Leonard will never truly compare to Carmelo as a pure scorer, but an 85 percent facsimile makes him the best player on the floor nearly every night of the season. Leonard had a True Shooting Percentage over .600 in March and April this season with an uptick in usage as he returned from injury. The secret on Leonard is that he’s one of the NBA’s truly elite mid-range shooters and he has also become a substantially better ballhandler and passer.

And that brings us to LaMarcus Aldridge, who is also a mid-range superstar in this era of three-pointers, dunks/layups and free throws. The Spurs waited on extending Leonard last offseason to maintain flexibility in pursuing a max contract free agent and if the strategy is successful, Aldridge is his likeliest running mate for the next five-plus years. Aldridge turns 30 this month and Leonard just turned 24. Because of how each of their games should age, the remainder of their primes should sync up fairly closely.

A combination of Leonard and Aldridge operating in that mid-range basically becomes the next evolution of how to run an efficient NBA offense. These shots by themselves, even as well as Leonard and Aldridge shoot it, aren’t efficient in themselves but they draw gravity to the middle of the floor and create the types of open looks that have become routine for the Spurs and Blazers.

Leonard and Aldridge gives the Spurs the ability to match-up as well against big lineups with them at the three and four as it would against pace and space small lineups with them at the four and five.

Leonard carrying the Spurs’ offense would have been a big ask, but getting to grow his scoring and playmaking beside Aldridge allows him to continue to play to his strengths and become the fully formed version of what his potential has shown over these past two remarkable years. Beyond the mere benefit of adding a player of Aldridge’s talents to a team already competing for a title, the greatest impact of his signing is how it elevates the ceiling of Leonard.

The special relationship the Spurs cultivate with their players makes this happen. San Antonio has routinely been able to get their key players to take less money, or merely trust the process as Leonard did in delaying his extension until this summer so they can keep his low cap hold to fit in Aldridge. 

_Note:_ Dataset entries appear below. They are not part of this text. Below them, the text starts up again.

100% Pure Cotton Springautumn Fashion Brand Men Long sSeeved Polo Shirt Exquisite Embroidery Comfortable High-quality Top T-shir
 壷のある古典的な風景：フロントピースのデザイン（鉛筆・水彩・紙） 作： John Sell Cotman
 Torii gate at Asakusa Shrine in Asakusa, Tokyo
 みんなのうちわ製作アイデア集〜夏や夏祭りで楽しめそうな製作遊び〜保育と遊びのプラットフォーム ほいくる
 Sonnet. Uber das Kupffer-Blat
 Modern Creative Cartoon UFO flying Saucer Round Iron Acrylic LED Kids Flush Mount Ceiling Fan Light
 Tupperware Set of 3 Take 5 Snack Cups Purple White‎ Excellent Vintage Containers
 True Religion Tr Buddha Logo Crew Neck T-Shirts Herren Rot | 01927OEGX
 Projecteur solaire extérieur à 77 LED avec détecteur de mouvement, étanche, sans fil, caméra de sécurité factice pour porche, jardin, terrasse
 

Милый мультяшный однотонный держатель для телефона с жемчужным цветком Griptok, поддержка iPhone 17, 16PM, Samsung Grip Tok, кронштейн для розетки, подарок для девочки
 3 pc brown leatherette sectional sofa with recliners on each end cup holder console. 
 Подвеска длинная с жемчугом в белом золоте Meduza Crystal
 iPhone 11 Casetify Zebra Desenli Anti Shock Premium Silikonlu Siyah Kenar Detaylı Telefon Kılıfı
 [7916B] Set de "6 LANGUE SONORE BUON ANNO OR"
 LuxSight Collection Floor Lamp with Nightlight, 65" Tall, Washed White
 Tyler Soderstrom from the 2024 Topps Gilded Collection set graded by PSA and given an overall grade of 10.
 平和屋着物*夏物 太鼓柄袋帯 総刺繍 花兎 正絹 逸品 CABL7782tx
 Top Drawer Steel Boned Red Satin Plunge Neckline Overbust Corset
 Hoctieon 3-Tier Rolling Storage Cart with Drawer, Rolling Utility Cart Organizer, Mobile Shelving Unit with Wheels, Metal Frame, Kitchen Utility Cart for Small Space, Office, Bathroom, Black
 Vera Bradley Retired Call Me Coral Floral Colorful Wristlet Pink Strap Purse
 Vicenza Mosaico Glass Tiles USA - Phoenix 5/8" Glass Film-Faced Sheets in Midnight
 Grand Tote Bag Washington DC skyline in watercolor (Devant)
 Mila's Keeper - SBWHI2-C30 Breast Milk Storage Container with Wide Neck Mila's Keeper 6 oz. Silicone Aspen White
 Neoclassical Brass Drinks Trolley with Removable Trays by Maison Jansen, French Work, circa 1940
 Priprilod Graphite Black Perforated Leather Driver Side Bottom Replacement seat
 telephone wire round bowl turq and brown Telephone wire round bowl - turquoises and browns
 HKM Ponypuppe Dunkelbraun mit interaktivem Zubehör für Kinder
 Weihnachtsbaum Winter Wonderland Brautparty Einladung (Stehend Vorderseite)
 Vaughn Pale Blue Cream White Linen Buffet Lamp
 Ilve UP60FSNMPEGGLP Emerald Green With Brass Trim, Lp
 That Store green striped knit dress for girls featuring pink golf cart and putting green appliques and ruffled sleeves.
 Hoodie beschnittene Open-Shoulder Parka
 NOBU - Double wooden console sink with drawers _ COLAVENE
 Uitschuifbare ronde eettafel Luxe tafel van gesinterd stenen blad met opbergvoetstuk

The Spurs were already winning the offseason with paintball and party buses; signing Aldridge to join forces with Leonard sets up another reload. To add Aldridge while also somehow keeping Danny Green on a four-year, $45 million contract makes this an all-time great offseason in NBA history. Life without Duncan and Popovich was a harrowing possibility for the Spurs, but they’re now set to remain perennial title contenders for the remainder of this decade and beyond the careers of those two NBA legends.